• TASK PROMPT
Without the images, repeat every line of the listing verbatim.

• EXERCISE DATA

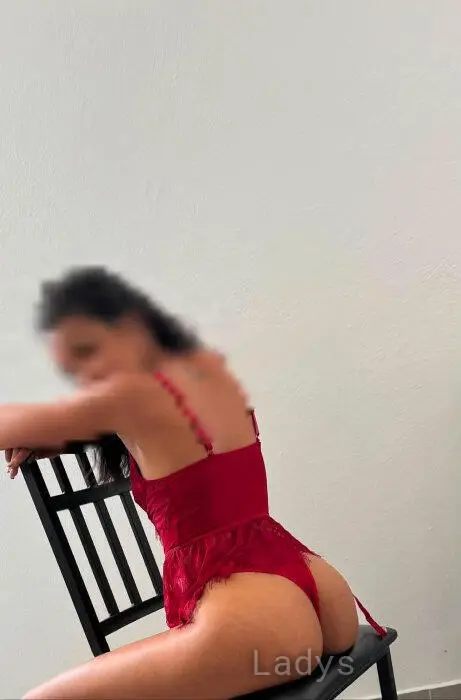 Silvia (26) – Call Girl & Independent Escort Service in Köln - Gallery Photo 3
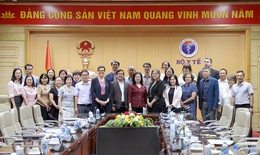 Bộ trưởng Đào Hồng Lan tiếp các chuyên gia của Quỹ từ thiện Bloomberg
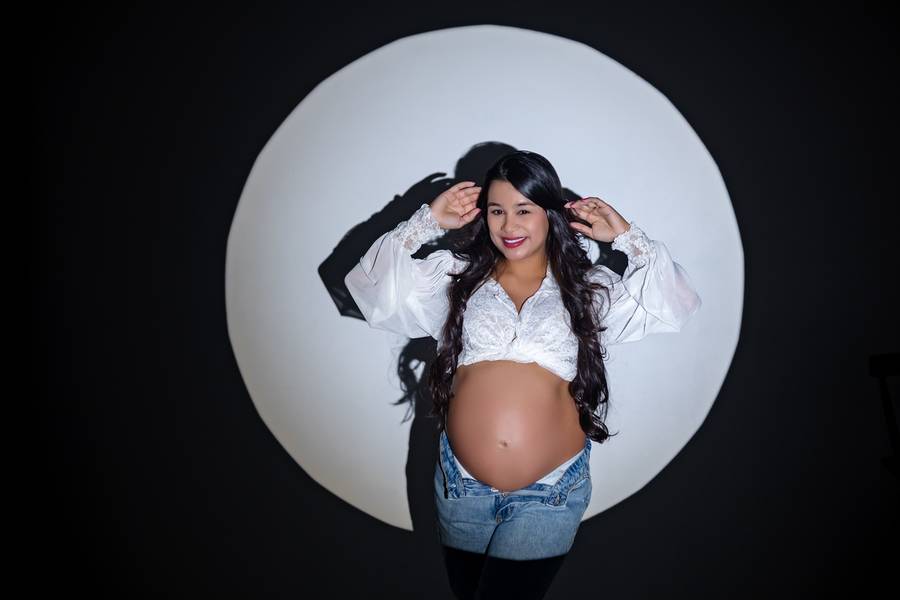 Gestante de Ensaio  estilo Minimalista em fundos neutros 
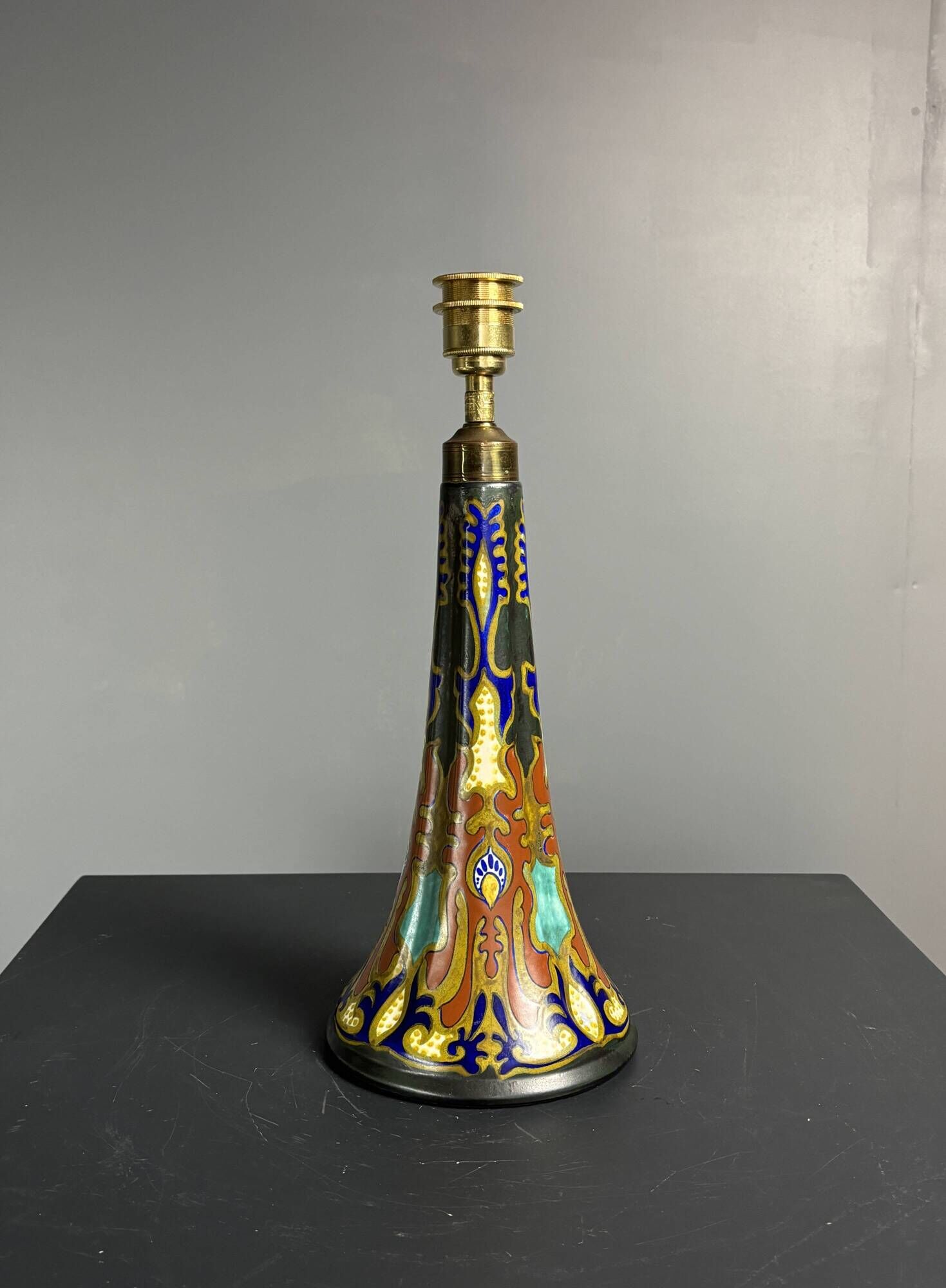 Dutch ceramic art nouveau Plazuid Gouda Pottery table lamp, 1920s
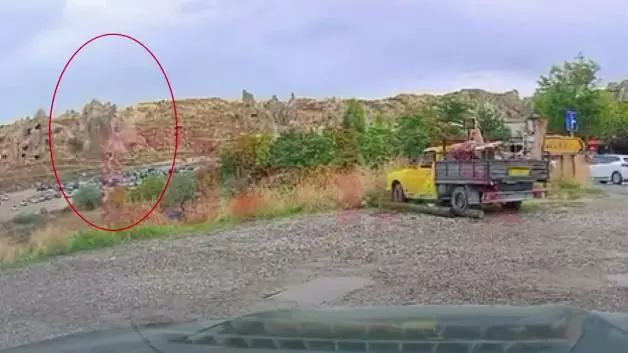 Kapadokya'da peribacasından kopan kayaların düşme anına ait görüntüler ortaya çıktı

• ANSWER TO THIS EXERCISE
 Silvia (26) – Call Girl & Independent Escort Service in Köln - Gallery Photo 3
 Bộ trưởng Đào Hồng Lan tiếp các chuyên gia của Quỹ từ thiện Bloomberg
 Gestante de Ensaio  estilo Minimalista em fundos neutros 
 Dutch ceramic art nouveau Plazuid Gouda Pottery table lamp, 1920s
 Kapadokya'da peribacasından kopan kayaların düşme anına ait görüntüler ortaya çıktı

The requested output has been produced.